Fanatik Ermeni çervelerin başka ülkelerde de faaliyetleri olacaktır. Türkiye'ye zarar vermeye çalışmaya devam edecektir. Bu diasporayla tabii ki mücadelemizi sürdüreceğiz. Bizim Ermeni milletiyle sorunumuz yoktur. Osmanlı'da ortak tarihimize, geleceğimize imza attık. 1915'te Ermenilere karşı değil o bölgedeki Ermeni çetelerine karşı alınmış tedbirlerdir. Nitekim bir arada yaşama geleneğini sürdürüyoruz. Türkiye'de herkes birinci sınıf vatandaş olarak bu ilişkisini sürdürüyor.

Kararın soykırım olabilmesi için belli bir dini, etnik grubun, topluluğu yok etmek üzere yapılan faaliyetler olması gerekiyor. Bunun tarihi açıdan da soykırımı olarak kabul edilmesi mümkün değildir. Almanya, Ruanda, Bosna'da alınan kararlara bakıldığımızda bunun 1915'e uyarlanamayacağı gözükür.

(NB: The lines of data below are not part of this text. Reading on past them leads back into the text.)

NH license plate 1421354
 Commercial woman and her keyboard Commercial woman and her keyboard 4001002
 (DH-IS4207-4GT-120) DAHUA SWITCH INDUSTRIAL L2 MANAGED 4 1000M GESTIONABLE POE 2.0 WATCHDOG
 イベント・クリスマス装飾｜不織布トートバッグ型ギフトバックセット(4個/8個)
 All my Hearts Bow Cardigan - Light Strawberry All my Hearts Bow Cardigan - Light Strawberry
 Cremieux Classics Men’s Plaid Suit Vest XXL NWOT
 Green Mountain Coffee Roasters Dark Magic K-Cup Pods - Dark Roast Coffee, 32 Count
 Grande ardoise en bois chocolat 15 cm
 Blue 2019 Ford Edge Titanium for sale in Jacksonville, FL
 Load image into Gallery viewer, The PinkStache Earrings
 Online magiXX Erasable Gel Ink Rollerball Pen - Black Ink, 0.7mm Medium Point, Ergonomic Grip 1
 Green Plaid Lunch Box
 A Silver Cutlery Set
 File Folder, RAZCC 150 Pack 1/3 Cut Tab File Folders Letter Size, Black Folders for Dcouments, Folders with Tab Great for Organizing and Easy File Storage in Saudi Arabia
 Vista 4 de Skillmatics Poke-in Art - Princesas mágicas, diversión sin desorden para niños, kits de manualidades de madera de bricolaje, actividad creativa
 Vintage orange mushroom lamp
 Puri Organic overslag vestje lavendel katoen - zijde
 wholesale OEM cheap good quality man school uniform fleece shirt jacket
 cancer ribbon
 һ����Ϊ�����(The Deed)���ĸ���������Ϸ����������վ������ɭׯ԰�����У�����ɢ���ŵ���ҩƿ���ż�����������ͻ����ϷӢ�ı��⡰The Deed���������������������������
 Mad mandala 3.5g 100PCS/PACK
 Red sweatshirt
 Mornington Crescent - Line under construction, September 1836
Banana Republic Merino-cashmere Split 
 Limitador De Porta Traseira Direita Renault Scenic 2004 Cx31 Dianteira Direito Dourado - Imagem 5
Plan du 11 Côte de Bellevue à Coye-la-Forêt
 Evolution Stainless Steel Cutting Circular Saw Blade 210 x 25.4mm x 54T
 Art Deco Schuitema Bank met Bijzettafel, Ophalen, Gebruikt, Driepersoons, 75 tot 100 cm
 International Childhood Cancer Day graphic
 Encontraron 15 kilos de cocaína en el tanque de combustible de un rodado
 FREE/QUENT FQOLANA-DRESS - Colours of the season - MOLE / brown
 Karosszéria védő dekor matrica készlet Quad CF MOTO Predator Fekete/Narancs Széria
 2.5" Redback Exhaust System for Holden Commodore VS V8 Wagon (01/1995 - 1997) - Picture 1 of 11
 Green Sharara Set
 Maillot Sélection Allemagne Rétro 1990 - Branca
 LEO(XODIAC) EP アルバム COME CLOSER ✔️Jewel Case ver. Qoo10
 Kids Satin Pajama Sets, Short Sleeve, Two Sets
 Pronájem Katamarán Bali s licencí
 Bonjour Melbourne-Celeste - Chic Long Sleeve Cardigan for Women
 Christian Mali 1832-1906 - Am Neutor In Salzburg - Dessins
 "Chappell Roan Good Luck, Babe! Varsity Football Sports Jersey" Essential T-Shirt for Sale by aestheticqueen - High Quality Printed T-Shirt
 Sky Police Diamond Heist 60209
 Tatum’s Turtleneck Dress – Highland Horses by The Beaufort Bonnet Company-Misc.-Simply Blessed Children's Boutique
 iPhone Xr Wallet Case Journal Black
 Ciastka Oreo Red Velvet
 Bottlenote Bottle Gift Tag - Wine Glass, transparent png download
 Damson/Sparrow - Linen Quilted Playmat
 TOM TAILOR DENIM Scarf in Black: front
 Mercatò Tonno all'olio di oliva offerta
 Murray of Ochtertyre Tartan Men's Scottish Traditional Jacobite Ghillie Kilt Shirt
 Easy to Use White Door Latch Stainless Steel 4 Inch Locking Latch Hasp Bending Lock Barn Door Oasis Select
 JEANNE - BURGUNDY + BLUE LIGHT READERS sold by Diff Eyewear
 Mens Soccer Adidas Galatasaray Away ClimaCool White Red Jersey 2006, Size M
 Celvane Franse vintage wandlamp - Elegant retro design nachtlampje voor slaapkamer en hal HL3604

Tarihimizde soykırım olmamıştır. 1915'deki olaylarda ne olduğunu tam olarak anlamak isteyenlere arşivlerimiz açıktır. İstenilen tarih komisyonuna katılmaya da hazırız. Türkiye'nin içerisindeki tepkileri yakın şekilde takip ettik. Egemen bir devlet olarak Türkiye'nin atacağı adımlar olacaktır. Bu adımlar üzerinde çalışılmıştır. Biden'in bu kararının olumsuz sonuç doğuracağı birinci kesim Ermenistan tarafıdır. Türkiye ile sınır kapısını açılma gibi bir normalleşme fırsatını kaçırmışlardır.

İnsani hassasiyet üretmek için yapılacak işlerin gereken mekanizmalarla yapılmadığını görmek de son derece üzücüdür. Sayın Biden maalesef çok kötü bir gelenek başlatmıştır. İnsani hassasiyetler üretmek yerine bunu birbirine karşı suçlayacak şekilde açılmış oldu. İnsani hassasiyetleri törpüleyen asıl budur diye ifade etmek isterim."